The White Rock BIA has put out an advisory, the RCMP is telling business owners to stay cognizant and a small shop owner considers himself lucky after dodging what he is confident was a $3,500 scam.
Pav Manchanda, owner of The Handpicked Home, said three women entered his store, at 1406 Johnston Rd., on Aug. 2 and picked out $351 worth of items.
After the customer asked to pay by credit card, the cashier rang up the purchase and passed the debit machine to the customer, Manchanda told Peace Arch News last week.
Manchanda alleges that while two of the women distracted the two employees who were working at the time, the customer manipulated the debit machine.

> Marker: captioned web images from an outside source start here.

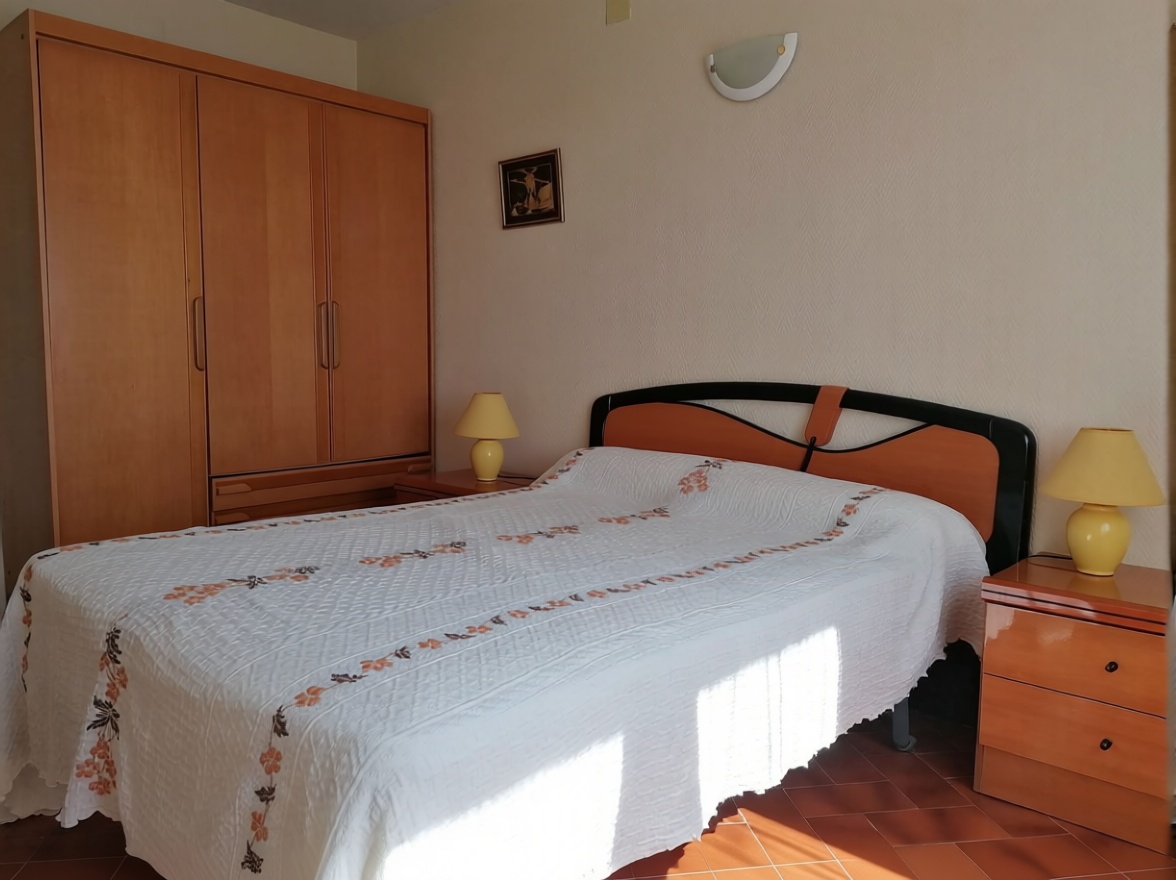 Apartamento em primeira linha de praia em Hospitalet de l'Infant — Quarto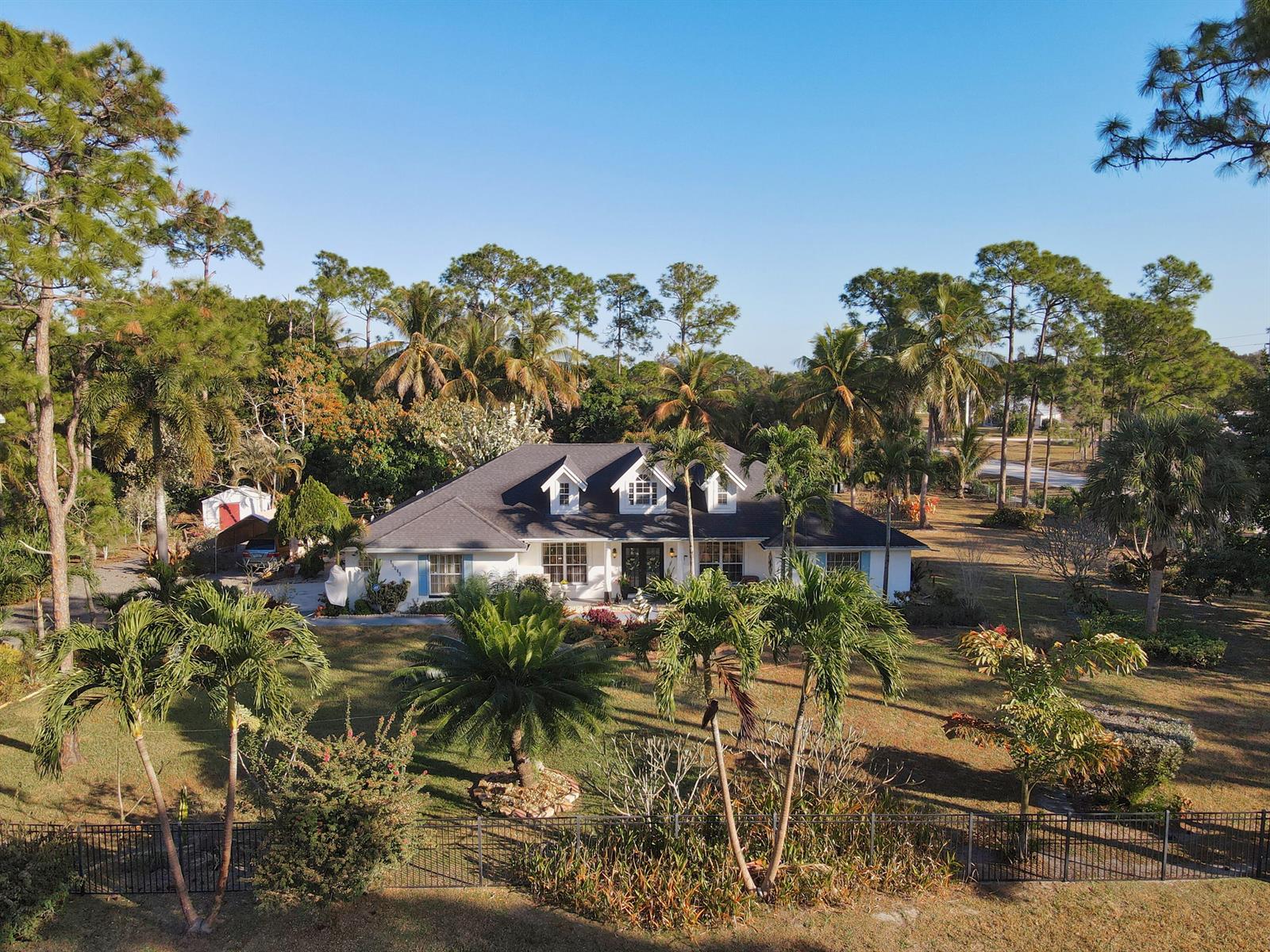 An aerial view of a white house with a dark roof surrounded by palm trees — 15049 85th Road N, Loxahatchee FL 33470, LOXAHATCHEE, FL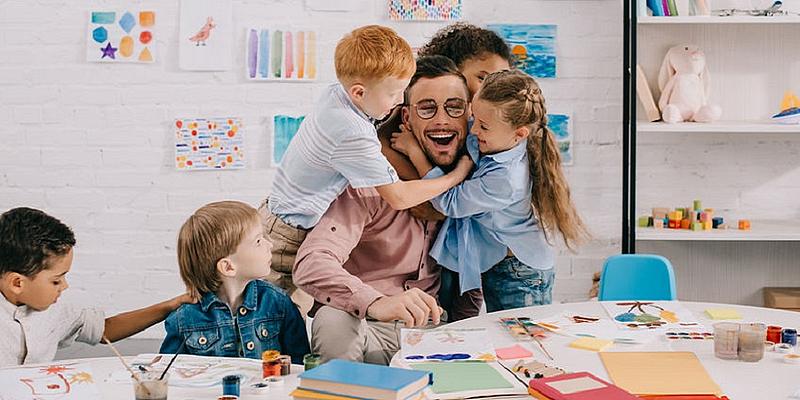 Mann wird von vielen Kindern umarmt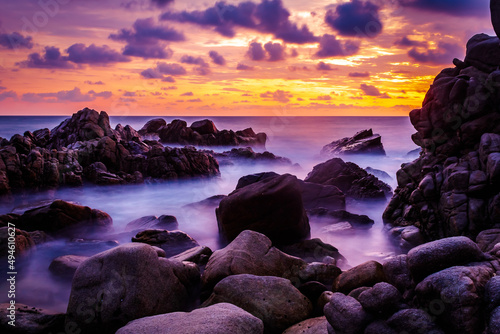 fotografía de larga exposición en atardecer en el mar con un cielo rojo con nubes purpuras y efecto del movimiento de las olas entre las rocas de la playa coral de puerto escondido Oaxaca México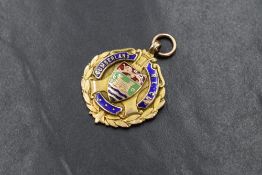 A 9ct gold medallion, for the Cumberland R.L. Cup, having the enamelled crest and name within a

“She was clicking around for a bit of time. What she managed to do was switch the amount to $3,510, and at the same time, do an override on the machine so it would not require a PIN,” Manchanda said.
“That’s possible if you have the supervisor code for the machine.”
Manchanda said every debit machine comes with the same, default supervisor code.
“The receipt came out, and all that was required was a signature,” Manchanda said. “While she was doing this, the other two were distracting staff by asking questions about the jewelry, getting staff attention away from their friend.
“She signed it, and at that time, our staff realized it was for $3,000.”
The woman requested a refund, but insisted it be put on her debit card, Manchanda said.
“They paid with a credit card – that was most likely stolen – then they wanted a refund on a debit card,” Manchanda alleged.
Manchanda, who wasn’t in the shop at the time but attended after receiving a call from his employees requesting his help because of the unusual situation.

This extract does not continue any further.